» Exercise:
In the entries below, print exactly the lines from the first through the one with "3rd image of 797 Stokeswood Ave SE", both included, and none of the pictures.

» Source information:
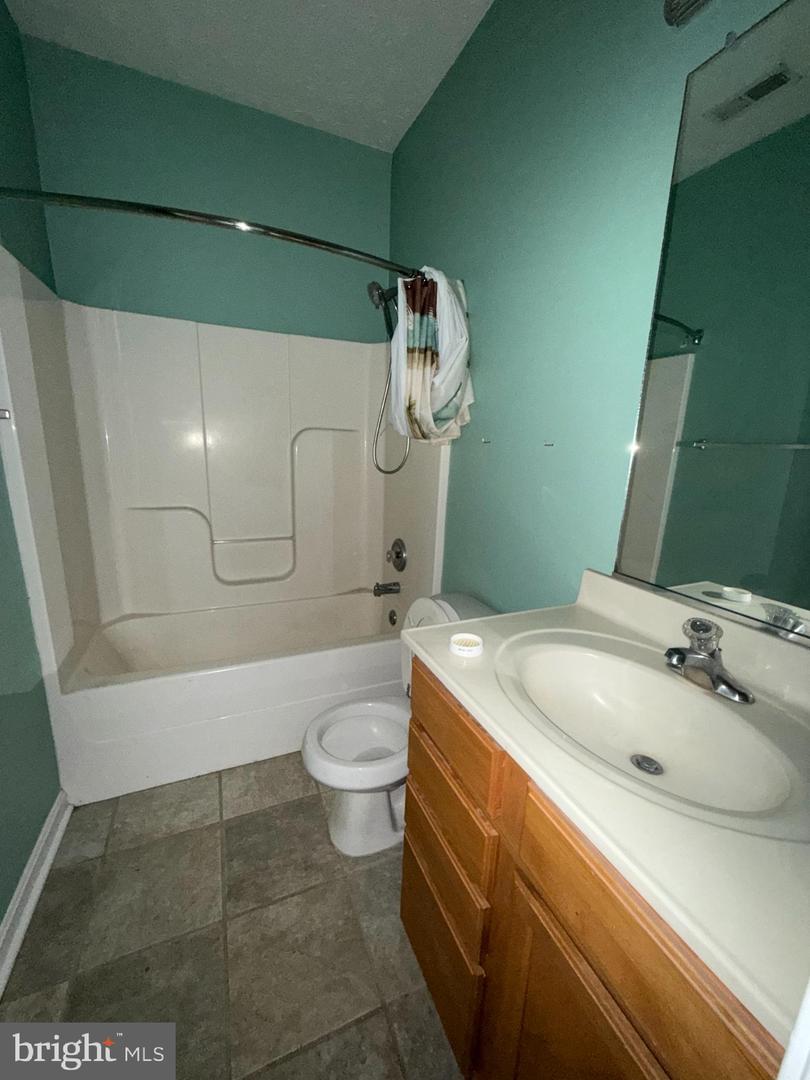 23236 TRIPLE CROWN DR, RUTHER GLEN, Virginia 22546, 4 Bedrooms Bedrooms, ,3 BathroomsBathrooms,Residential,For sale,23236 TRIPLE CROWN DR,VACV2008128 MLS # VACV2008128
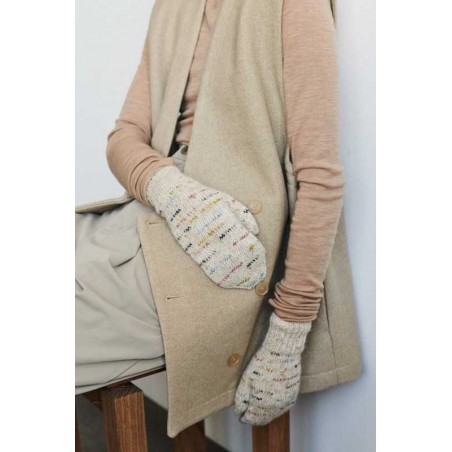 Handcraft - Helga Isager & Helga Jóna Thórunnardottir
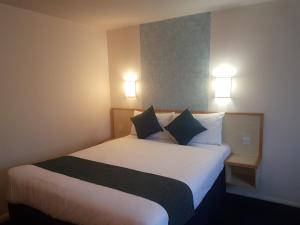 Days Inn Sutton Scotney North में एक कमरे में एक या कई बेड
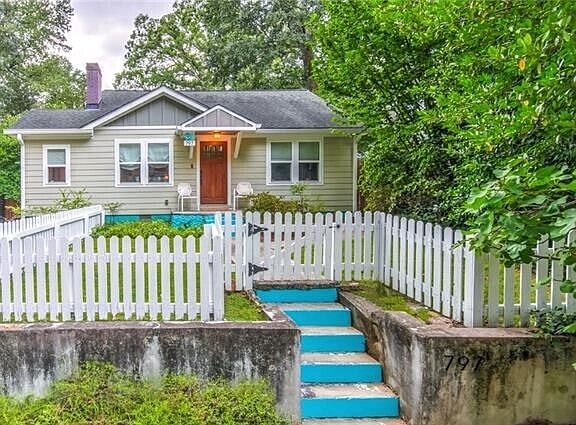 3rd image of 797 Stokeswood Ave SE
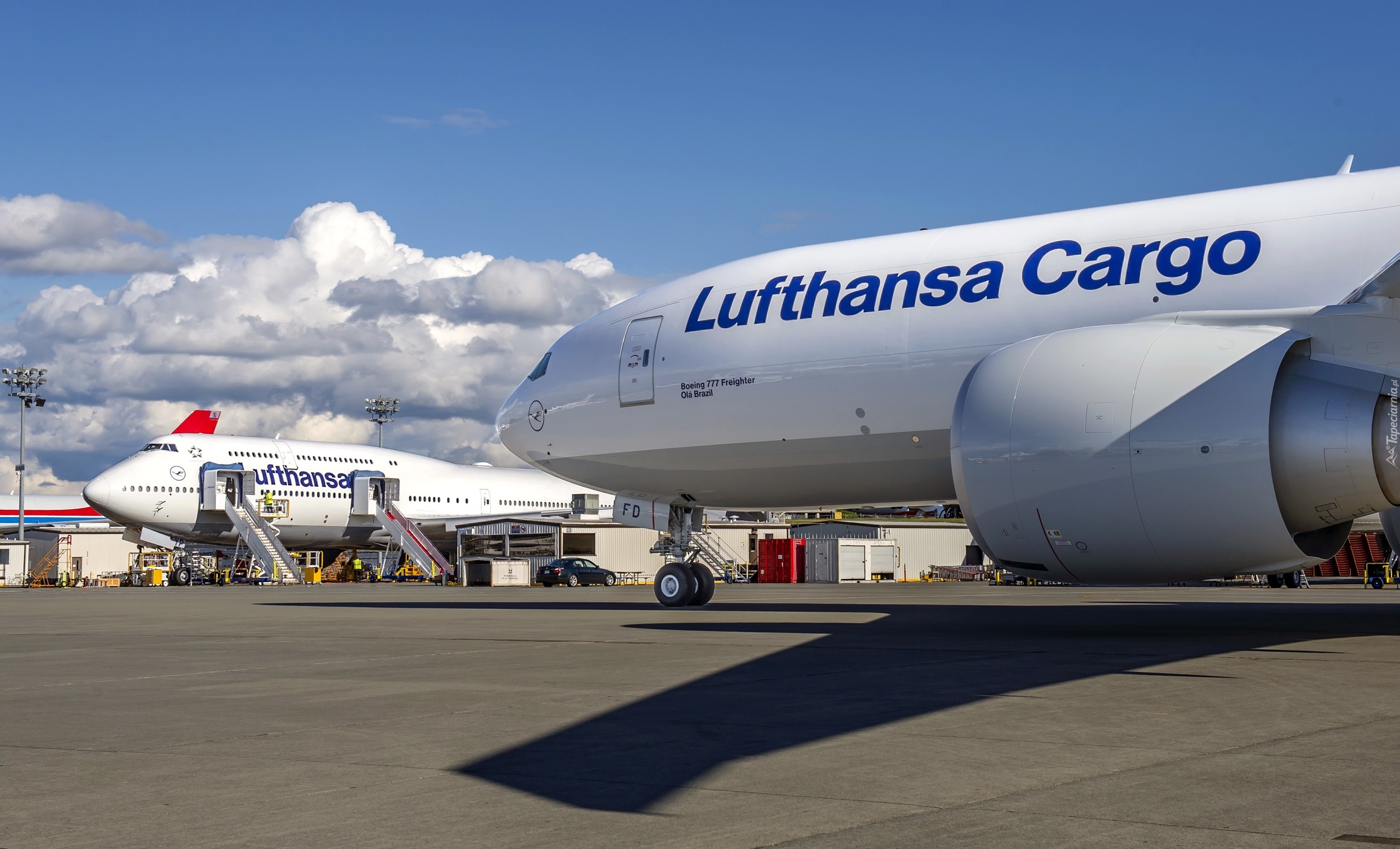 Samoloty, Boeing 777 Freighter, Lotnisko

» Response box:
 23236 TRIPLE CROWN DR, RUTHER GLEN, Virginia 22546, 4 Bedrooms Bedrooms, ,3 BathroomsBathrooms,Residential,For sale,23236 TRIPLE CROWN DR,VACV2008128 MLS # VACV2008128
 Handcraft - Helga Isager & Helga Jóna Thórunnardottir
 Days Inn Sutton Scotney North में एक कमरे में एक या कई बेड
 3rd image of 797 Stokeswood Ave SE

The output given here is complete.